Not long ago our plant was a humble seed, ready to beg its tiny life from each powerful menacing blade of grass. To-day it was a successful bully, drinking up all the ichor of its patch of soil: and such conduct is the general rule, even with us men. When we are weak and know it, we are timid crawling things, hating all powers since they seem directed against us: but let us gain a little strength, and we grow proportionately rude, beating down the weaker. So true is it that evolution in nature is only a re-direction of energy. The Eye which controls the universe really seems to have foreseen and planned everything; and things which appear unjust or horrible to us may appear so only because we do not know the full logic of their existence.
It is pleasant to imagine what happens deep down in that secret mansion of the lower earth. The press of life can be no less there than on the face of the ground. Yet we call it a mystery, and rank it with all that is beyond our sense, with that class of event which even our imaginations fail to visualize precisely. If only we could see the sequoia root with our eyes, or had some yet unexpressed means with which to analyse or share its likes and dislikes, watch its battles, follow its sorrows, its joys! Why were we not endowed with some special sense able to feel the satisfied tremor of the growing root when it made contact with kindly elements in the blank night?
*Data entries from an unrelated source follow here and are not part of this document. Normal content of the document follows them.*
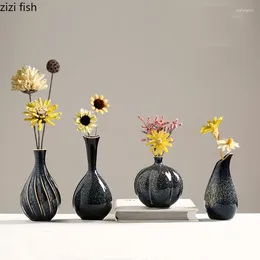 Vases Small Ceramic Vase Living Room Flower Arrangement Dried Tabletop Hydroponic Plant Home Decoration Crafts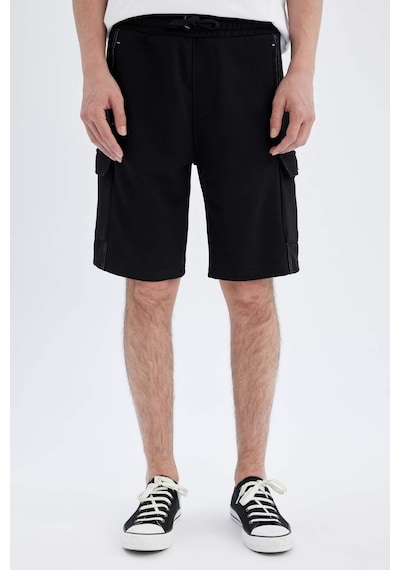 DeFacto Regular Fit Düz Paça Kargo Bermuda Şort C5593AX24HSBK81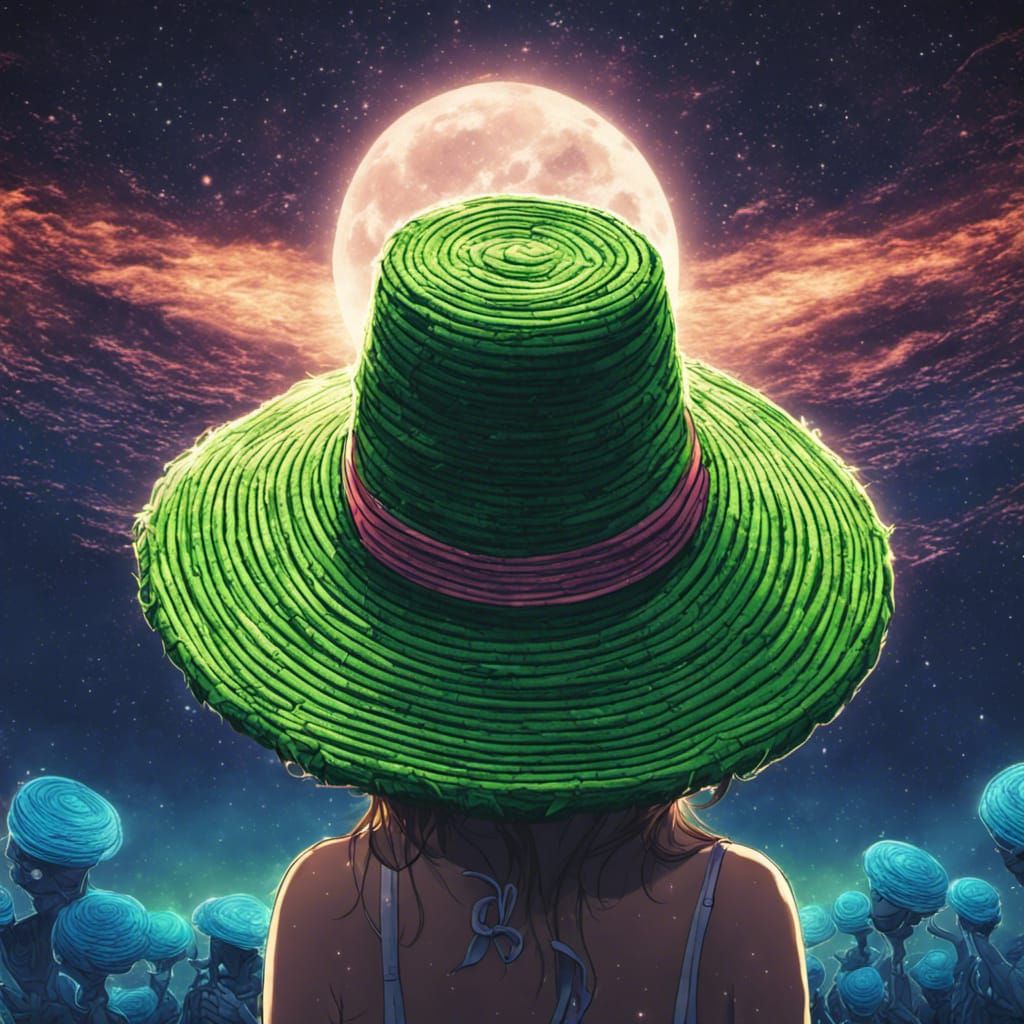 Psychedelic Anime Straw Hat Under Night Sky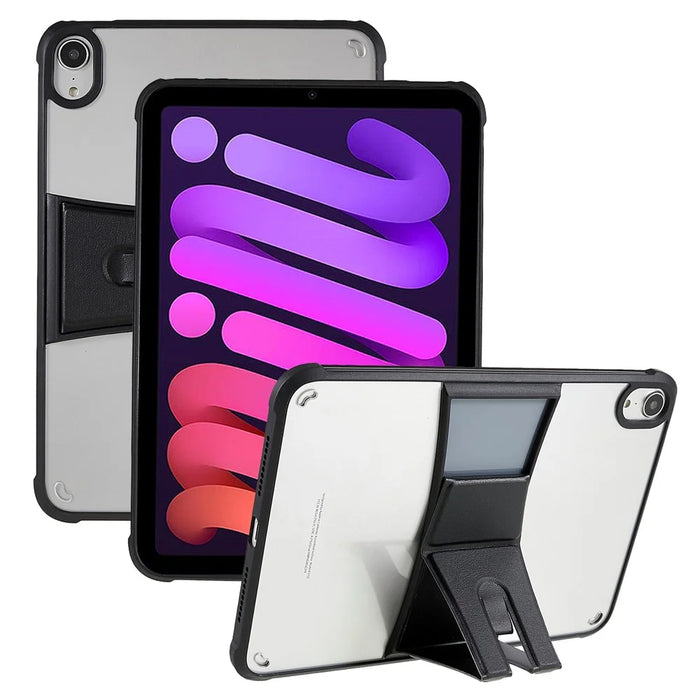 Transparent TPU + Acrylic Tablet Case for iPad mini (2024) / mini (2021) Leather Kickstand Anti-Drop Tablet Cover - 1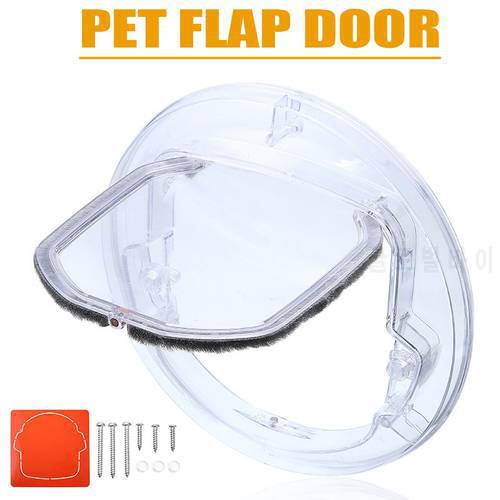 Anti-collision Round Clear Door Cat Gate 4-way Lockable Security Pet Entrance Window Puppy Hole Door for Cats Dogs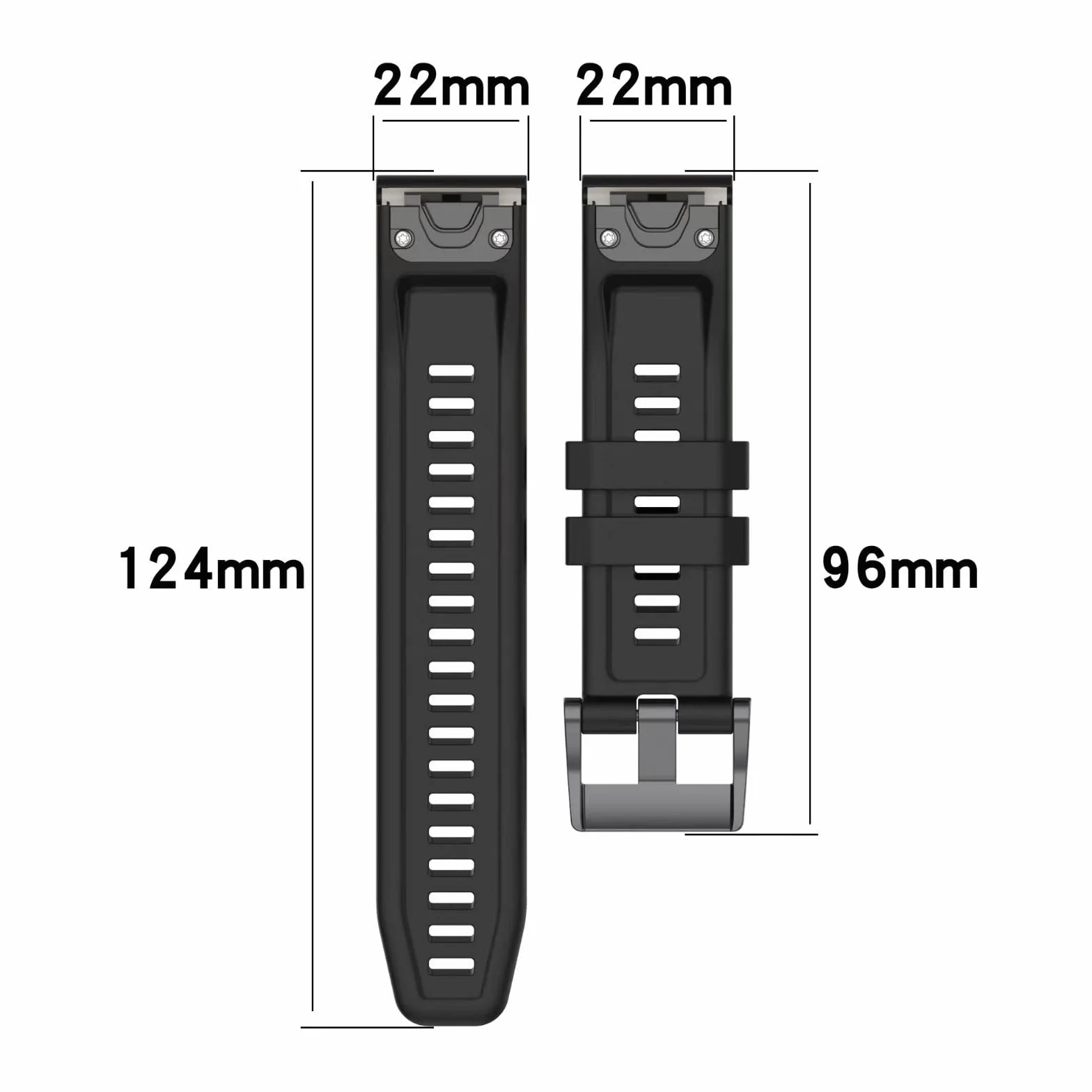 Silikonowy pasek kompatybilny z Garmin Epix Gen 2, 22 mm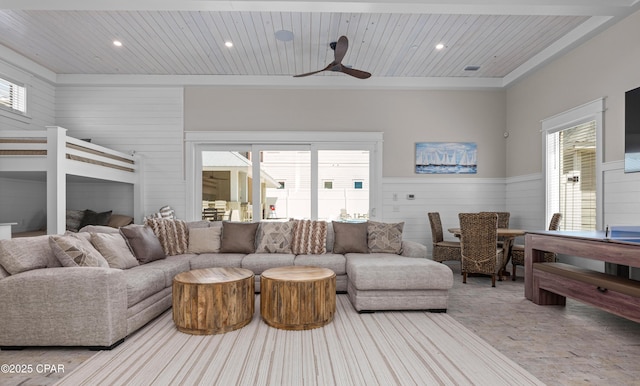 living room with ceiling fan, wood ceiling, and wooden walls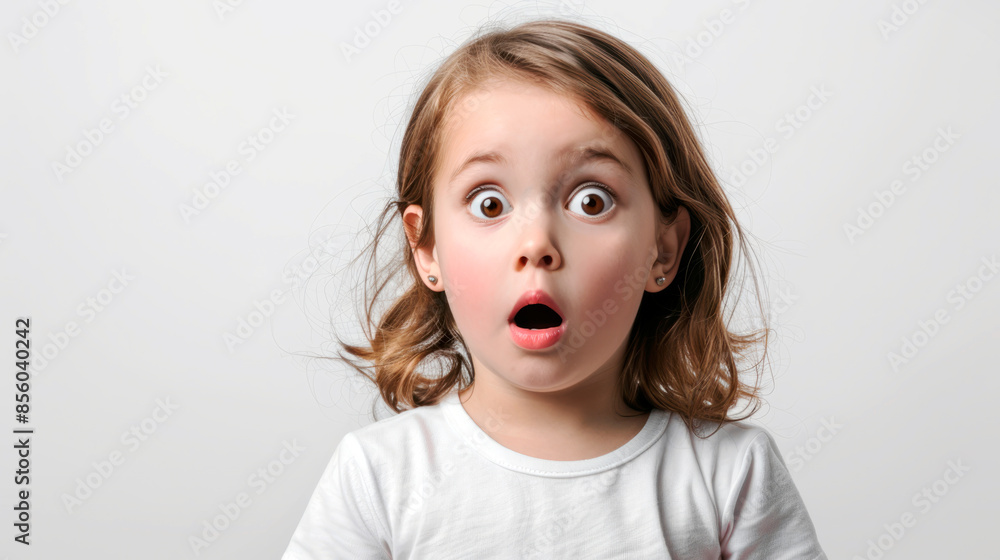 Surprised or scared little girl on a white background. Emotions. Surprised or scared little girl on a white background. Emotions.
From some distance, somewhere deep under the ground, a trickle of water sent it refreshing vibrations, like a call. How did our plant discover the presence of this distant and friendly liquid? Did it experience that familiar feeling of cool freshness which we men have near water, which we would have felt in its place? Yet the plant had no skin like ours, nor nerves, nor sense of smell. It is a mystery how it should have known things, and how it guessed where lay the foodstuffs it needed, and by what resources beyond our knowledge it perceived their existence. It never missed its aim, though it had to reach out, twist, even ramify, to get at these food-elements, and absorb them. In nature there are hundreds of such instincts, and senses, and faculties, besides the feelings, or nerves, or other appurtenances of the flesh of which we are made. In life there are thousands of unknown energies, of secret perceptions, of indescribable vibrations, which we never feel, and shall never know while we are what we are....
Yes, outside it was spring-time. Its light and heat bathed all the surface of the ground, instilling into the under-soil a whole range of influences to affect some of the thousands of embryos which there come to life, by stages which we cannot follow, and of most of which we never become aware. Creation is so leisurely and so retiring that it makes little impression on us. It is destruction which is the striking thing, because it is quick and clear and violent. An instant destroys a thing which we have long seen living and developing. A tree many hundreds of years old is crashed down in a minute by lightning; in a few days a forest fire will destroy a forest which has existed for thousands of years; and this wanton annihilation instils in us a great terror, together with an unintelligent belief in the goddess of destruction, that savage and formidable power which seems to rule the world, and fills us with devout awe: she seems so mighty and so bold and ruthless that we think her the sole goddess of life.